Show HN: Artie – Real-time data replication to your warehouse, now self-serve

artie.com

12 points by tang8330 16 hours ago

Hey HN, cofounder of Artie here. We’ve built a real-time data replication tool that captures every row-level change in your source database and streams it to your warehouse in under 60 seconds.

The last time I posted here, people had to book a call with us in order to access Artie. Today, that’s no longer the case. You can now connect your source and destination and start streaming immediately.

I spent years of my career building large-scale data pipelines and experienced how difficult it was to get real-time data firsthand. I believed there must be a better way to stream data into our warehouse, which resulted in Artie being born. And now with AI agents, reducing data latency has become more and more crucial as agents need to make decisions off of fresh data.

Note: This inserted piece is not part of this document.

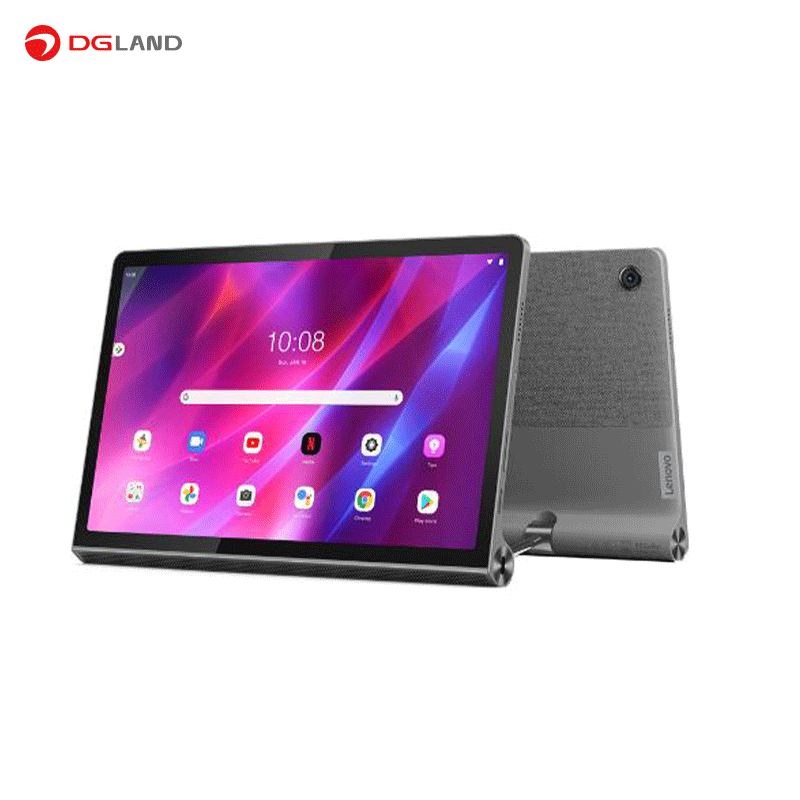 تبلت لنوو مدل Yoga Tab 11 YT-J706X ظرفیت 128 گیگابایت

When I first started building Artie, I quickly learned that the components meant to keep CDC running smoothly are very much bolted on with tons of edge cases. Unfortunately in practice, they were not built to work together. We ended up dealing with schema drift, backfill race conditions, Kafka offset commits, and TOAST columns. I’d love to know if others have hit these same issues while building in-house.

artie.com, would love feedback!

anoop_kumar 10 hours ago

What does Artie do differently from Debezium for TOAST columns and schema drift, or is it Debezium under the hood?

  • tang8330 4 hours ago

    Great question - there's no Debezium under the hood. Artie has its own Reader and Transfer layers, built from scratch.

    TOAST columns: Artie has automatic detection built in. If a TOAST column hasn't changed, its value won't appear in the WAL. Artie detects this and skips the update for that column in the destination. This works without needing to set REPLICA IDENTITY FULL on your tables.

    Schema drift: Artie never requires a schema registry. For relational sources like Postgres, Artie reads the source schema directly and syncs new columns immediately. For DDL changes, Artie uses lazy schema evaluation. On the next DML event for the table, it compares source vs. destination schema and applies any outstanding changes before writing the row.

    Let me know if you have any other questions!

arsalanb an hour ago

Congrats on the launch! Very impressive product!

  • j-cheong 32 minutes ago

    Thank you! Appreciate it :)